Miller recalls how the concept of PERC started to take shape. He had been friends with Therrell for years, and Therrell often mentioned how check-off programs helped organizations such as the National Pork Producers Council and Beef Council raise millions of dollars to promote their industries.

“We were having trouble raising $100,000 over three years” for programs to support the propane industry, Miller remembered. “All the different councils were raising big money, and we couldn’t raise any. Milford said, ‘We ought to try to do that.’ Probably over a drink or two, we decided we were going to try it.”

Therrell and Miller began soliciting help from industry members, including marketers Jimmy Reynolds in Alabama and Harry Lyons in Georgia, who were serving as National Propane Gas Association (NPGA) state directors. Miller recalled that Reynolds played a leading role in helping Alabama become the first state with all of its Congress members signing PERA.

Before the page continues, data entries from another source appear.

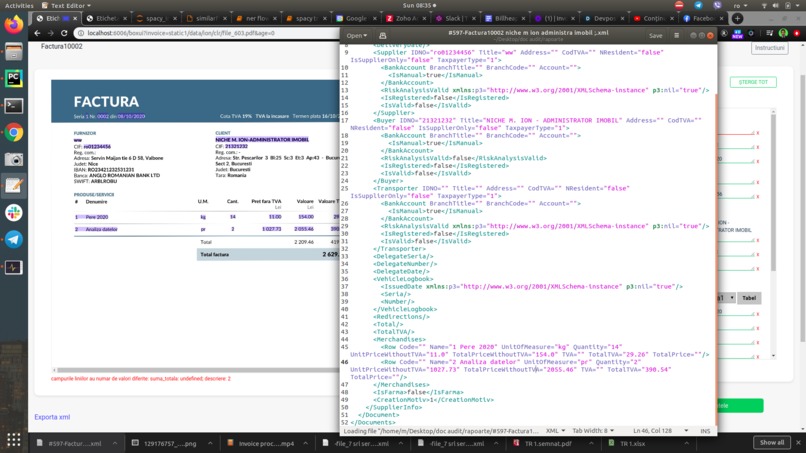 BillHeap – screenshot 4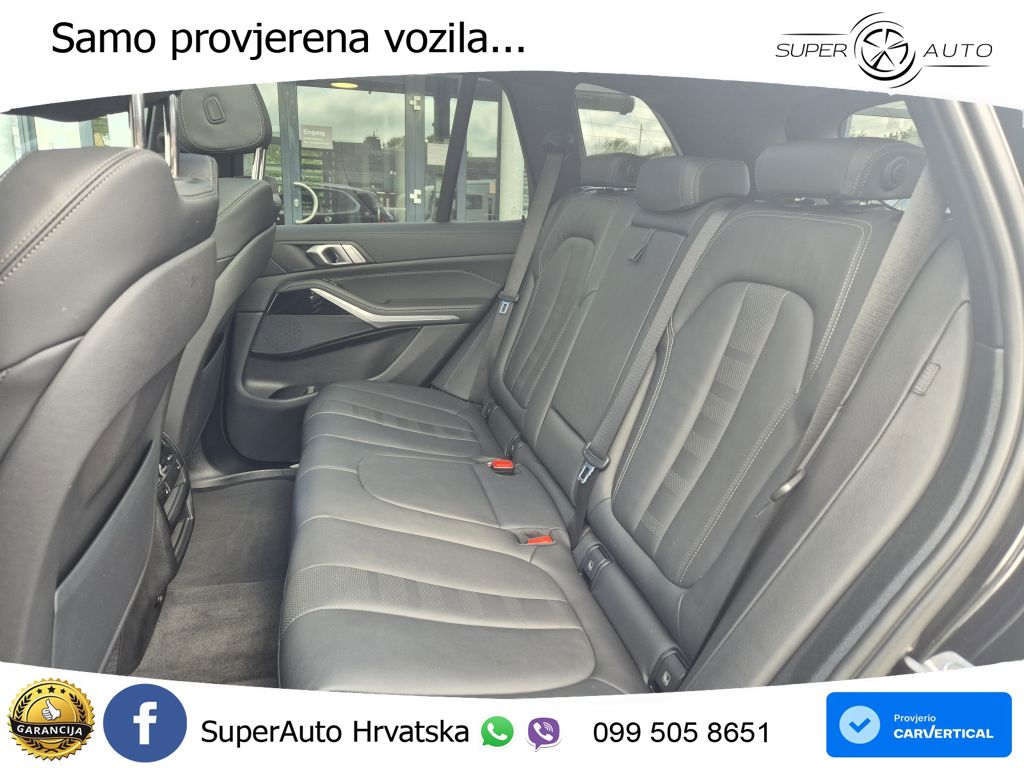 BMW X5 30d (286 KS) xDrive Steptronic LED+GR SJED+ACC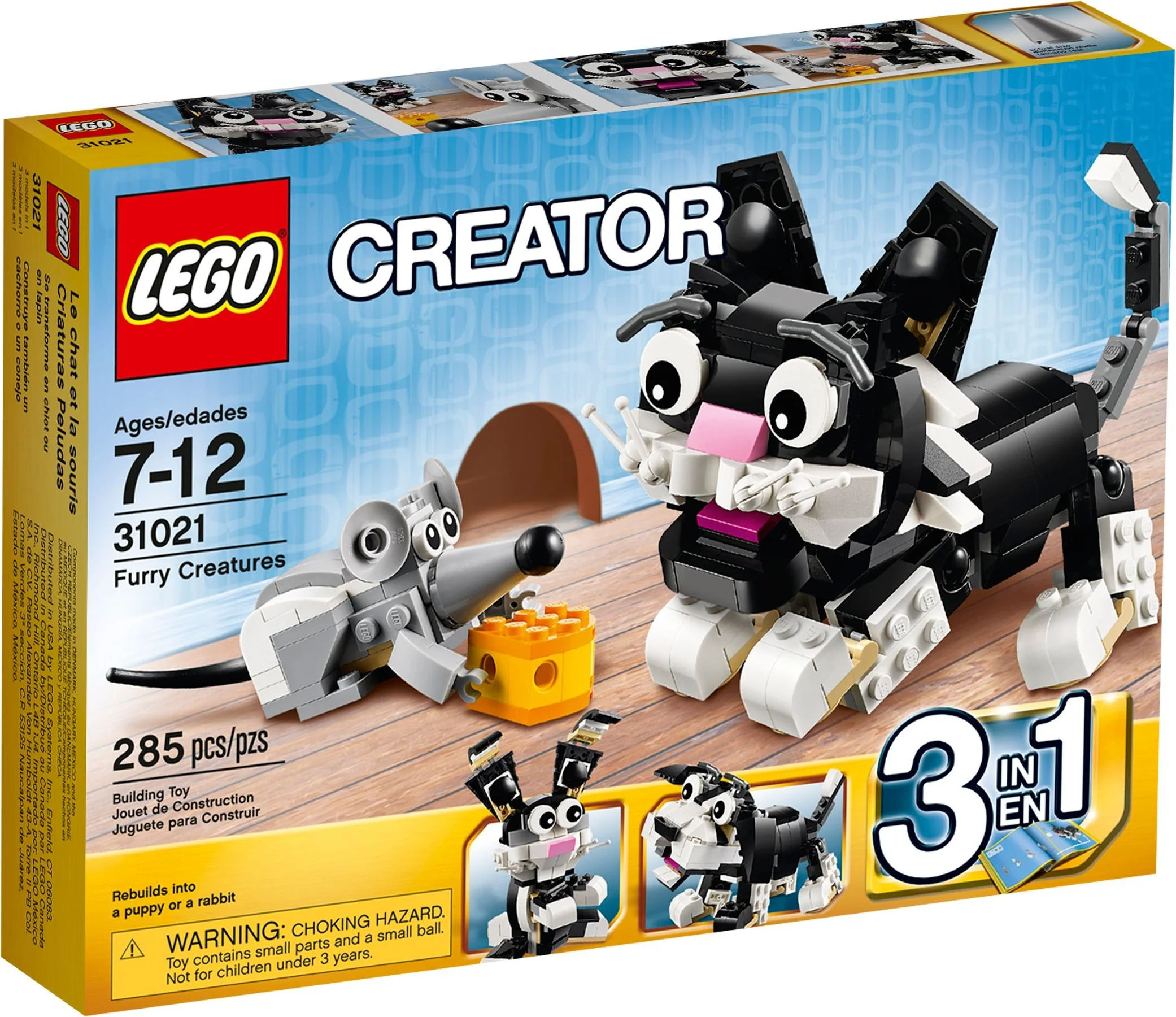 Furry Creatures - Image 2
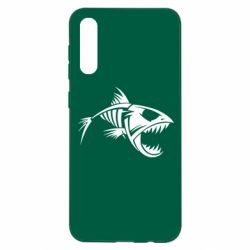 Чехол для Samsung A50 Piranha - PrintSalon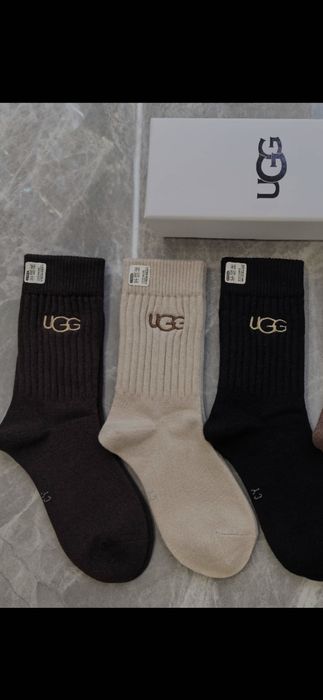 Șosete UGG, Moncler, modele 2026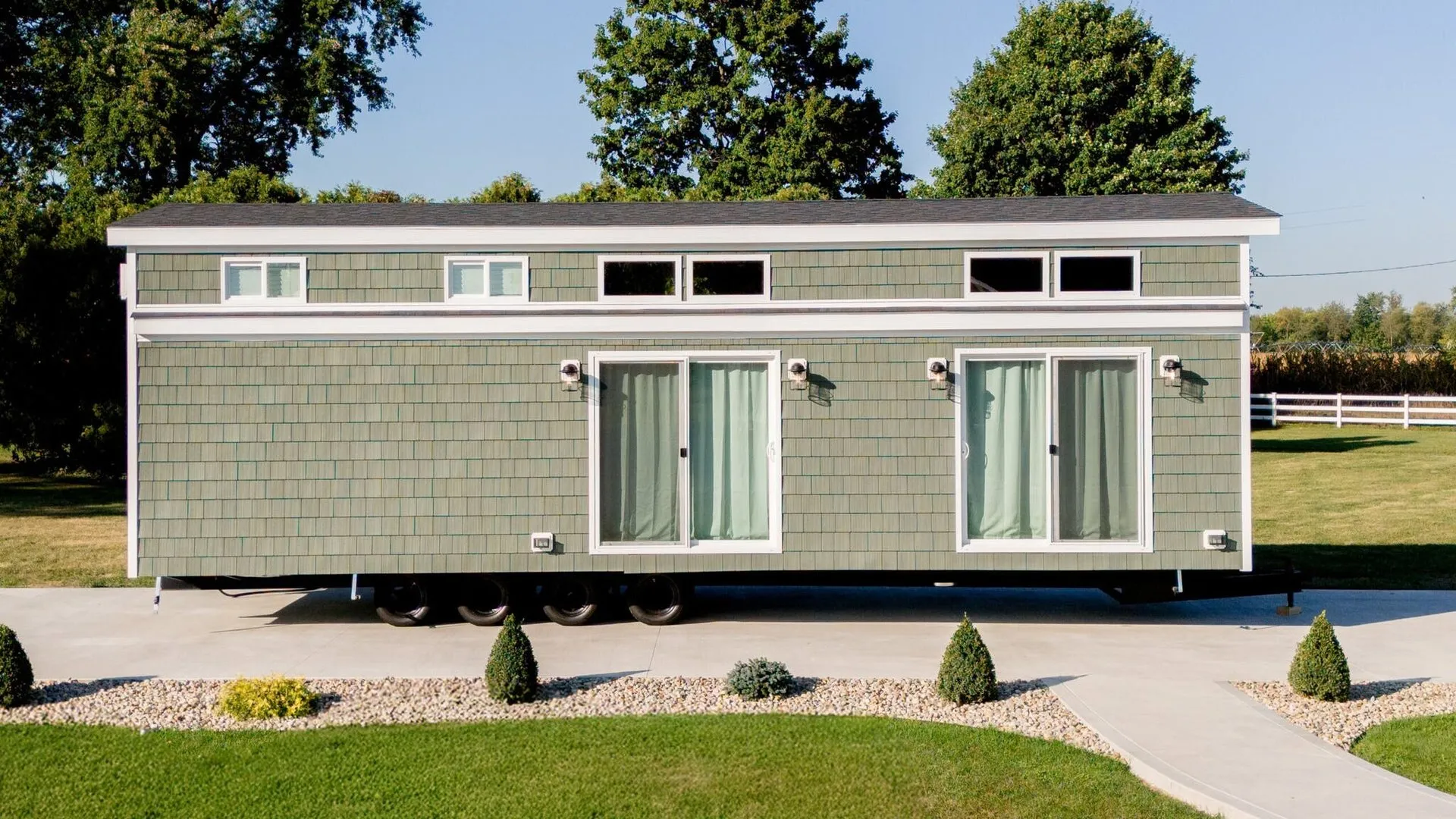 Island 6376 exterior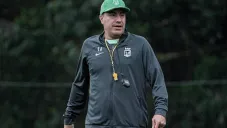 Efraín Juárez recibe respaldo del presidente de Atlético Nacional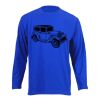 180g junior long sleeve T-shirt Thumbnail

After Therrell and Miller formulated the concept of PERC, finding a bill and a sponsor was their first order of business. At that time, the law firm Patton Boggs was performing some work for the propane industry. Ed Newberry, an attorney at the firm, helped draft PERA—modeled after bills from the beef and cotton councils—and the firm’s lobbyist, Tommy Boggs, was the act’s sponsor.

While the bill was going through the legislative process, the propane industry also had to deal with considerable opposition from the petrochemical industry, which “was afraid they would lose their cheap feedstock, propane,” said Daryl McClendon, who served as president of NPGA, was a founding member of the council, and would eventually serve as the second council chairman. Petrochemical companies “lobbied like crazy against the act being passed,” concerned the propane industry’s marketing efforts would drive up the price of propane and that “they would lose their cheap feedstock, propane,” McClendon added.

But on Sept. 4, 1996, the House passed HR 1514 by voice vote, and the Senate approved the legislation on Sept. 28. President Clinton signed PERA into law on Oct. 11.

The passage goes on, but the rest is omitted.